Software Thief Admits To Crimes
email this pageprint this pageemail usJerry Markon - Washington Post


$20 million lost, prosecutors say.
Nathan Peterson took on some of the world's largest computer software companies, and for a while, he won.

Selling their copyrighted products at a huge discount on his Web site, Peterson caused companies such as Microsoft Corp. and Adobe Systems Inc. to lose nearly $20 million, prosecutors said. He evaded law enforcement and frustrated the industry by moving his Internet servers around the country, and he spent much of his $5.4 million profit on homes, boats and cars, including a Lamborghini, a Mercedes and a restored 1949 Mercury Coupe purchased for his wife.

Yesterday, the man who once advertised his services on Google admitted that it had all been a fraud. Peterson, 26, pleaded guilty in U.S. District Court in Alexandria to two counts of copyright infringement. Justice Department and industry officials called it one of the largest cases of Internet software piracy ever prosecuted.

"This guy was a serious player," said John Wolfe of the Business Software Alliance, one of several trade associations that began investigating Peterson in 2003 before referring the case to the FBI. "Here was a single individual doing enormous damage. As far as I know, this is the largest case in terms of the loss suffered by the companies and the amount of money he was making."

Peterson, of Antelope Acres, Calif., stood at a lectern and calmly told Judge T.S. Ellis III that he was intoxicated by the whirl of his success. "I got caught up in everything. There was a lot of money involved," he said. "It was a very unique and powerful experience I went through, from not having much to having millions of dollars coming in."

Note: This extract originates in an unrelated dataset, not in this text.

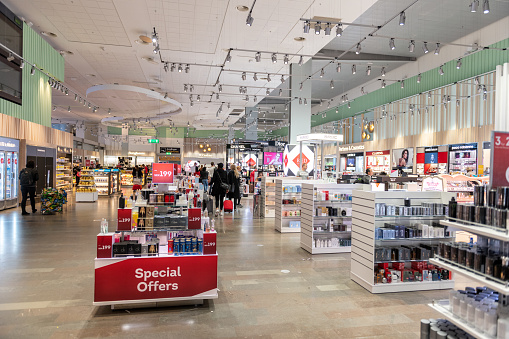 Stockholm, Sweden - April 05, 2019: International Stockholm Arlanda Airport. Tax Free Shop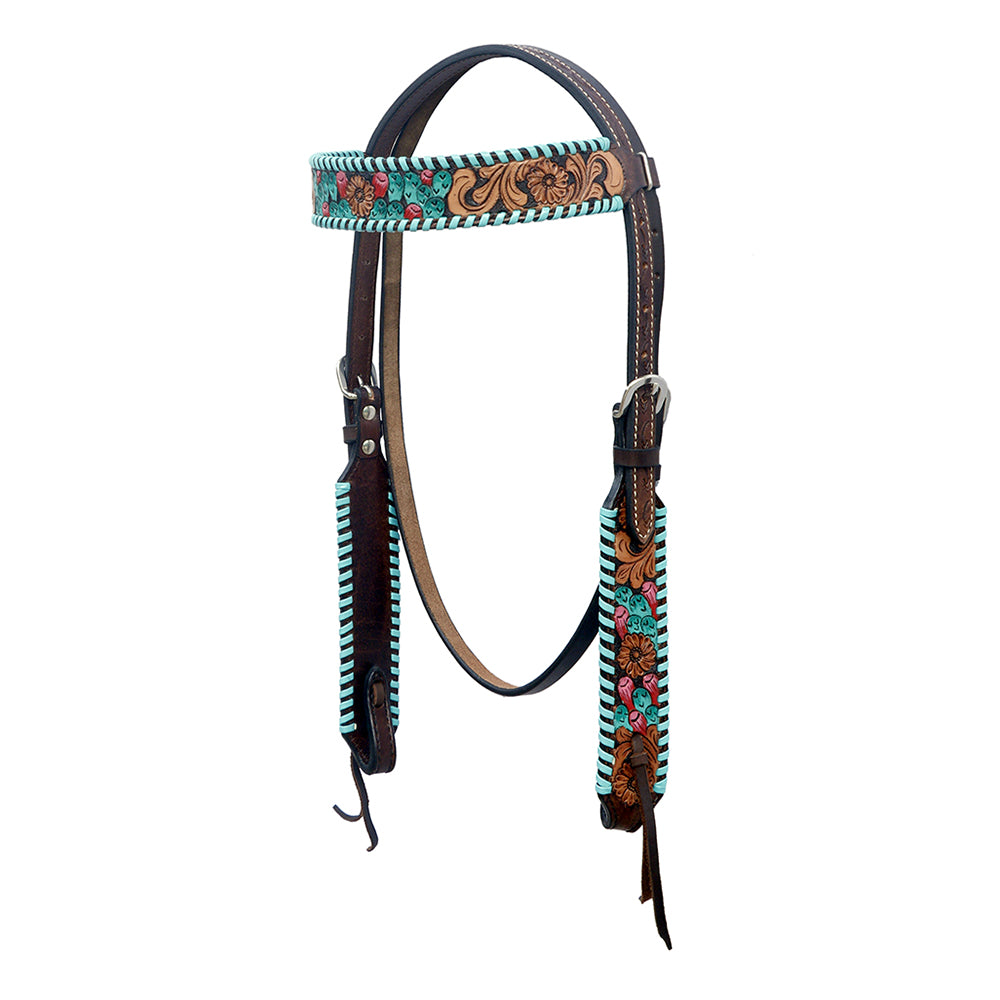 HILASON Western Leather Horse Headstall Breast Collar Floral Design Dark Brown | Tack Set for Horses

He added, "I started trying to make believe it was okay, but I came to understand it was wrong."

Peterson faces as much as 10 years in prison when he is sentenced April 14. He agreed to pay $5.4 million in restitution to Symantec Corp., Computer Associates International Inc., Yahoo Inc. and more than 15 other companies.

The victims included a school district that purchased copyrighted software from Peterson's site for its students. "The defendant's Web site was a very professional Web site," Justice Department trial attorney Jay Prabhu told Ellis. "It was not clear, based on e-mails I've seen from the school district, that it was not legitimate."

Officials called the case the latest step in a Justice Department campaign against Internet pirates who distribute such copyrighted property as movies, games and software.

Yesterday's plea "clearly demonstrates our resolve to prosecute thieves who sell other people's property on the Internet," said U.S. Attorney Paul J. McNulty, who added that Peterson's Web site was the largest for-profit software piracy site shut down by the government.

The case was prosecuted in Alexandria because the FBI's Washington Field Office, which covers Northern Virginia, started the investigation.

Software trade organizations began investigating Peterson in 2003 after receiving complaints about his site. Initially, Peterson used domain names such as "dopesickrecords.com," Wolfe said, but he then settled on "ibackups.net."

The site offered copyrighted computer software at prices substantially below retail prices. One Adobe product that provided different type fonts, for example, was available for $79.95, as opposed to $8,999 in stores. Purchasers could download the products or receive them through the mail.

When software companies sent telling Peterson to stop the illicit sales, "he would just tell them to go away," said one law enforcement official, who spoke on condition of anonymity because the information was not in public court documents.

The official added that law enforcement "lost his trail a couple of times because he was moving things around. His servers were in Texas for a while, then California, then Los Angeles at the end."

FBI agents, who made 13 undercover purchases of software products from Peterson, caught up with him in February and shut down his site. Yesterday, it contained only federal law enforcement logos set against a stark red background.

"This site has been permanently shut down by the Federal Bureau of Investigation and the Department of Justice," a government announcement read.